Implementation:DataTalksClub Data engineering zoomcamp Airflow Homework Solution
| Knowledge Sources | |
|---|---|
| Domains | Workflow_Orchestration, Airflow |
| Last Updated | 2026-02-09 00:00 GMT |
Overview
A multi-DAG Airflow solution that uses a factory function to create download-parquetize-upload-cleanup pipelines for yellow taxi, green taxi, FHV taxi, and zone lookup datasets, with Jinja-templated date-based file paths.
Description
This solution defines a reusable DAG factory function donwload_parquetize_upload_dag that constructs a four-task pipeline applicable to multiple NYC taxi datasets. The factory function accepts a DAG object and four template strings (URL, local CSV path, local Parquet path, and GCS destination path), then wires together:
- download_dataset_task (BashOperator): Downloads the CSV file from S3 using curl -sSLf.
- format_to_parquet_task (PythonOperator): Converts CSV to Parquet using PyArrow via the format_to_parquet(src_file, dest_file) helper function.
- local_to_gcs_task (PythonOperator): Uploads the Parquet file to GCS via the upload_to_gcs(bucket, object_name, local_file) helper function.
- rm_task (BashOperator): Cleans up the local CSV and Parquet files to free disk space.
The factory pattern is applied to four separate DAG instances:
- yellow_taxi_data_v2: Yellow taxi data, scheduled at 0 6 2 * * (6 AM on the 2nd of each month), starting from January 2019, with catchup enabled and up to 3 concurrent runs.
- green_taxi_data_v1: Green taxi data, scheduled at 0 7 2 * * (7 AM on the 2nd of each month), starting from January 2019.
- hfv_taxi_data_v1: FHV taxi data, scheduled at 0 8 2 * * (8 AM on the 2nd of each month), from January 2019 to January 2020 (with an end_date).
- zones_data_v1: Taxi zone lookup data, scheduled @once.

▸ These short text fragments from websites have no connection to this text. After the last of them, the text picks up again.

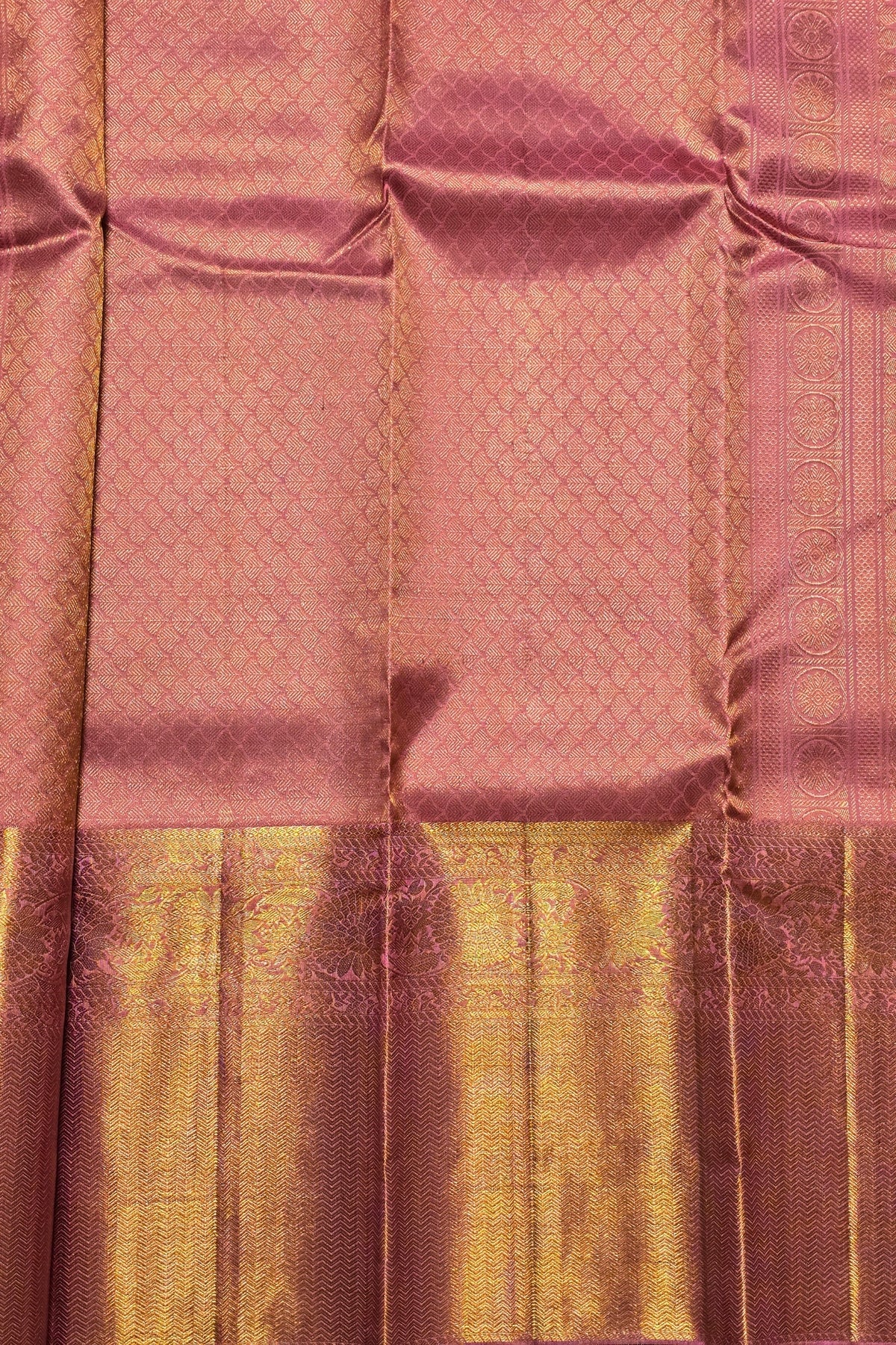Close-up of a pink fabric with a gold border
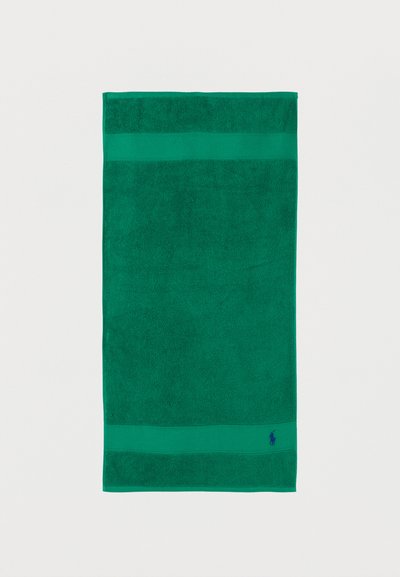 Πράσινη ορθογώνια πετσέτα με υφασμάτινες ρίγες κοντά στις άκρες και μικρό μπλε κεντημένο λογότυπο στην κάτω δεξιά γωνία.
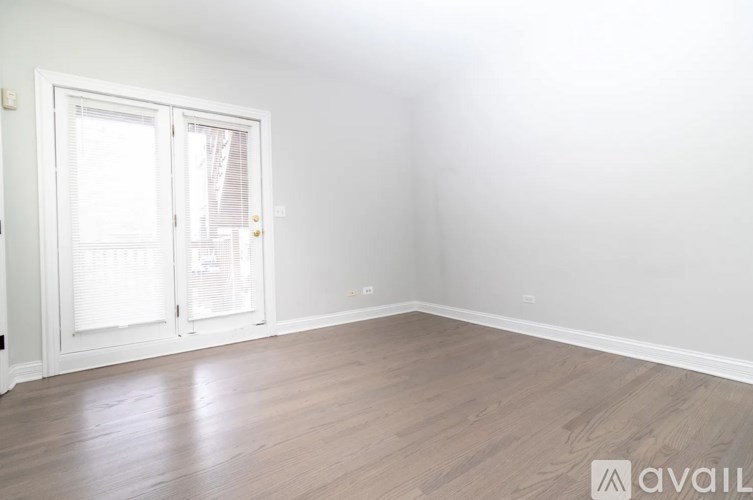 A room with a white door and wooden flooring.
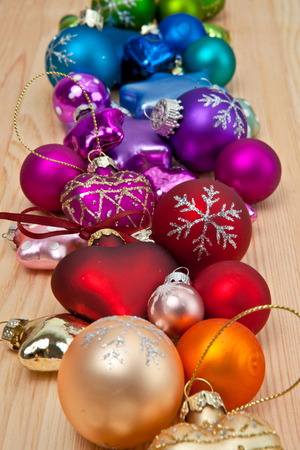 Colorful christmas baubles on a rustic wooden backgroundの写真素材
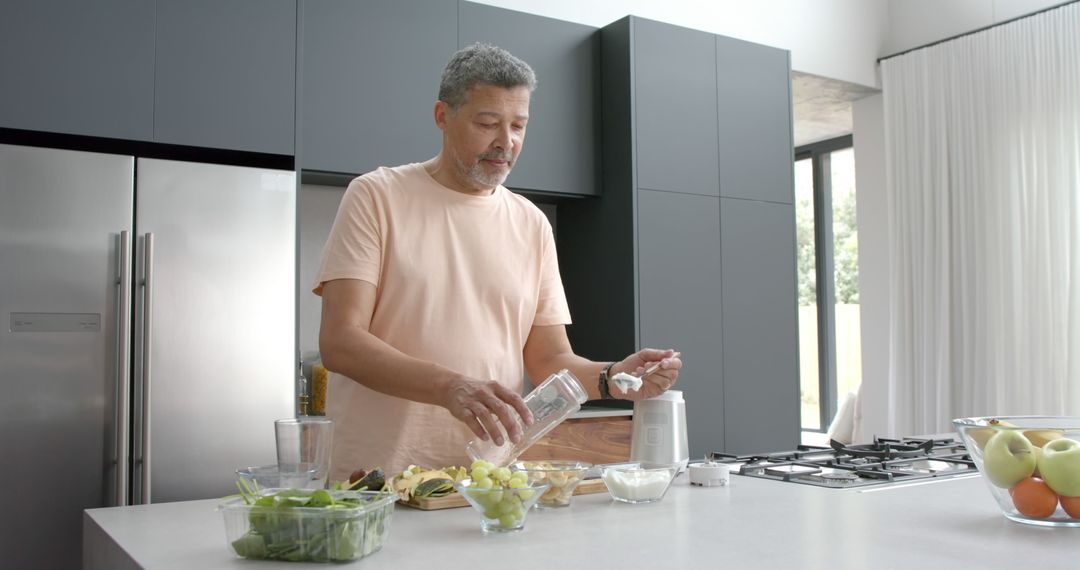 Mature Man Preparing Healthy Smoothie in Modern Kitchen at Home - Free Images, Stock Photos and Pictures on Pikwizard.com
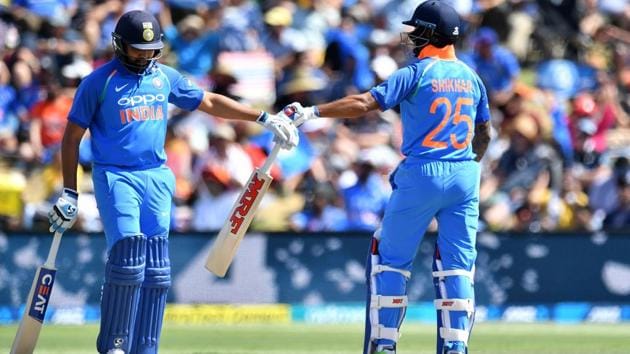 India's Shikhar Dhawan (R) celebrates hitting a four with teammate Rohit Sharma (L) during the second one-day international (ODI) cricket match between New Zealand and India in Tauranga on January 26, 2019(AFP)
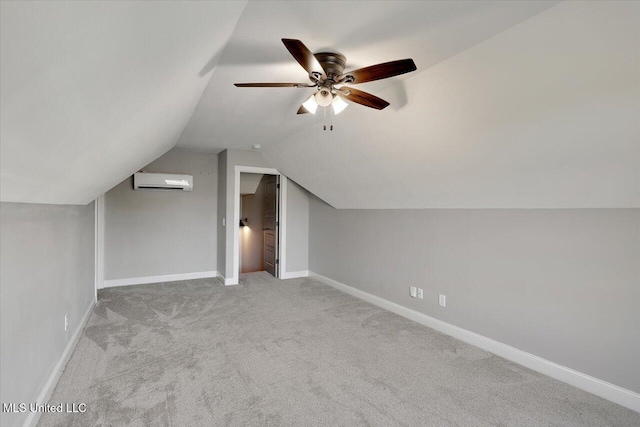 additional living space featuring light carpet, an AC wall unit, ceiling fan, and lofted ceiling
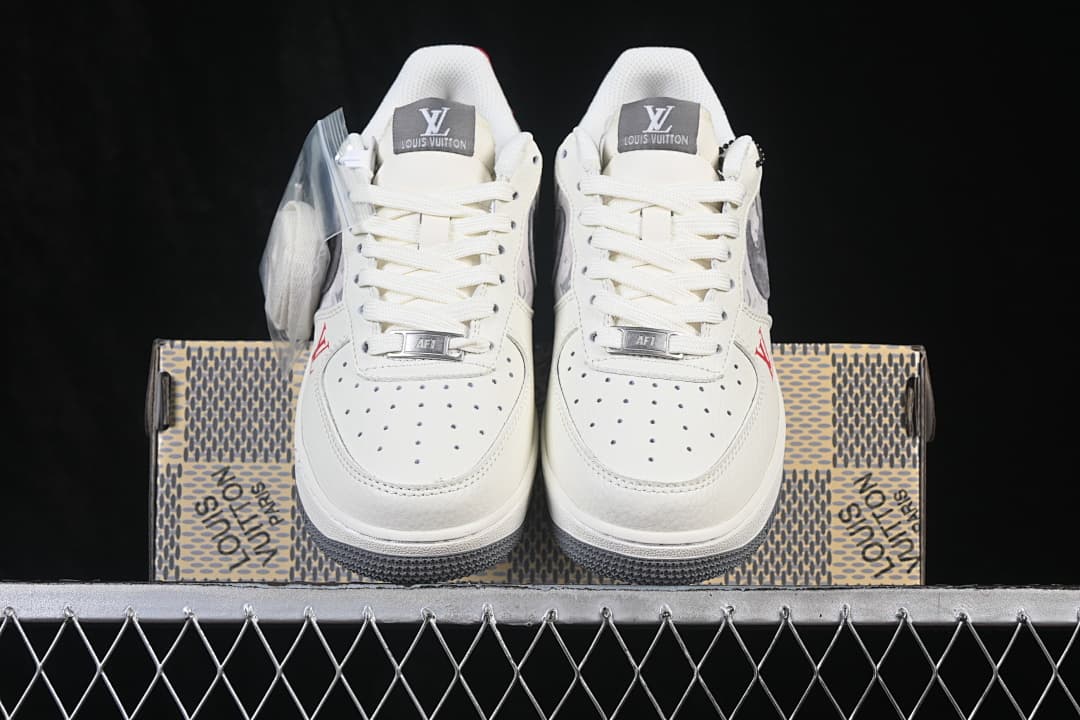 Front view of the off-white low-top sneakers with perforated toe boxes and gray detailing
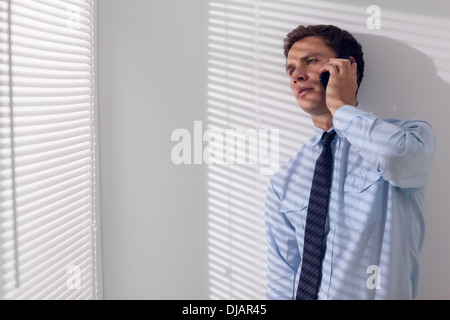 Serious young businessman using mobile phone Stock Photo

All DAGs use Jinja templates with {{ execution_date.strftime('%Y-%m') }} for dynamic date-based file naming, enabling Airflows backfill capability to process historical months.
Usage
Use this implementation as a reference for creating reusable, parameterized Airflow DAG factories that process multiple related datasets with identical pipeline logic but different data sources and schedules. It demonstrates best practices for backfill-capable DAGs using Jinja templating and local file cleanup.
Code Reference
Source Location
- Repository: DataTalksClub_Data_engineering_zoomcamp
- File: cohorts/2022/week_2_data_ingestion/homework/solution.py
- Lines: 1-188
Signature
def format_to_parquet(src_file, dest_file):
...
def upload_to_gcs(bucket, object_name, local_file):
...
def donwload_parquetize_upload_dag(
dag,
url_template,
local_csv_path_template,
local_parquet_path_template,
gcs_path_template
):
...
Import
import os
import logging
from datetime import datetime
from airflow import DAG
from airflow.utils.dates import days_ago
from airflow.operators.bash import BashOperator
from airflow.operators.python import PythonOperator
from google.cloud import storage
import pyarrow.csv as pv
import pyarrow.parquet as pq
I/O Contract
Inputs
donwload_parquetize_upload_dag:
| Name | Type | Required | Description |
|---|---|---|---|
| dag | airflow.DAG | Yes | The Airflow DAG object to attach tasks to |
| url_template | str | Yes | Jinja-templated URL for downloading the source CSV file |
| local_csv_path_template | str | Yes | Jinja-templated local path for the downloaded CSV file |
| local_parquet_path_template | str | Yes | Jinja-templated local path for the converted Parquet file |
| gcs_path_template | str | Yes | Jinja-templated destination path within the GCS bucket |
format_to_parquet:
| Name | Type | Required | Description |
|---|---|---|---|
| src_file | str | Yes | Path to the source CSV file |
| dest_file | str | Yes | Path to the output Parquet file |
upload_to_gcs:
| Name | Type | Required | Description |
|---|---|---|---|
| bucket | str | Yes | GCS bucket name |
| object_name | str | Yes | Target object path in GCS |
| local_file | str | Yes | Local file path to upload |
Environment Variables:
| Name | Type | Required | Description |
|---|---|---|---|
| GCP_PROJECT_ID | str | Yes | Google Cloud project ID |
| GCP_GCS_BUCKET | str | Yes | Target GCS bucket name |
| AIRFLOW_HOME | str | No | Airflow home directory (defaults to /opt/airflow/) |
Outputs
| Name | Type | Description |
|---|---|---|
| GCS Parquet files | GCS objects | Parquet files organized by service type and year in GCS (e.g., raw/yellow_tripdata/2019/yellow_tripdata_2019-01.parquet) |
Usage Examples
Basic Usage
from datetime import datetime
from airflow import DAG
# Define a new DAG using the factory function
my_dag = DAG(
dag_id="custom_taxi_data",
schedule_interval="0 6 2 * *",
start_date=datetime(2021, 1, 1),
default_args=default_args,
catchup=True,
max_active_runs=3,
tags=['dtc-de'],
)
URL_PREFIX = 'https://s3.amazonaws.com/nyc-tlc/trip+data'
AIRFLOW_HOME = os.environ.get("AIRFLOW_HOME", "/opt/airflow/")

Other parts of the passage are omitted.